Zeeuw en Fries lager opgeleid
GRONINGEN – Kinderen in Zeeland en Friesland krijgen minder opleiding dan ze aankunnen, omdat deze provincies geen eigen universiteit hebben. Universiteiten in andere provincies zitten te ver weg.
Dat bevestigde dr. Hester de Boer van het Instituut voor Onderzoek van Onderwijs van de Rijksuniversiteit Groningen maandagmorgen desgevraagd. Ze onderzocht de intelligentie en de schoolprestaties van ruim 10.000 leerlingen van middelbare scholen.
De Boer ontdekte dat kinderen in Zeeland, Drenthe, Flevoland en Friesland niet minder intelligent zijn dan die in andere provincies. Toch blijven de schoolprestaties van kinderen in Zeeland en Friesland achter bij het landelijke beeld. Volgens De Boer zijn Zeeuwse en Friese ouders minder ambitieus bij de schoolkeuze van hun kind, terwijl ouders in Flevoland en Drenthe net zo ambitieus zijn als ouders in provincies waar wel een universiteit is.

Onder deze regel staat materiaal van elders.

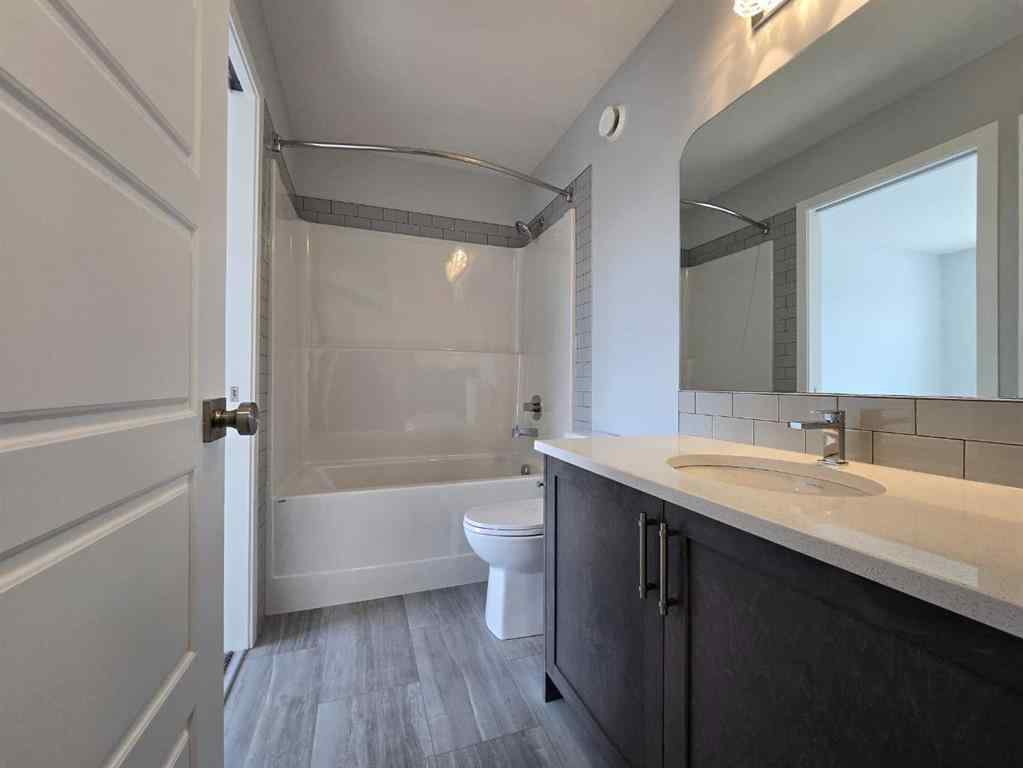 MLS® A2256248 - 512 Baywater Manor SW in Bayside Airdrie, Residential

De Boer ziet een verband tussen de lagere ambities van de ouders en de lagere prestaties van Friese (op taalgebied) en Zeeuwse (rekenen) kinderen. „De conclusie is dat het talent van leerlingen in provincies zonder universiteit niet even goed benut wordt als dat van leerlingen in provincies met een universiteit.”
Dat kinderen in Drenthe en Flevoland geen opleidingsachterstand opbouwen, schrijft De Boer toe aan het feit dat de universiteiten vanuit deze provincies beter bereikbaar zijn.
De Boer deed haar onderzoek voor het Friese culturele jaarboek De Vrije Fries. De redactie ervan had een themanummer gemaakt over de voormalige universiteit van Franeker, die in 1811 werd opgeheven.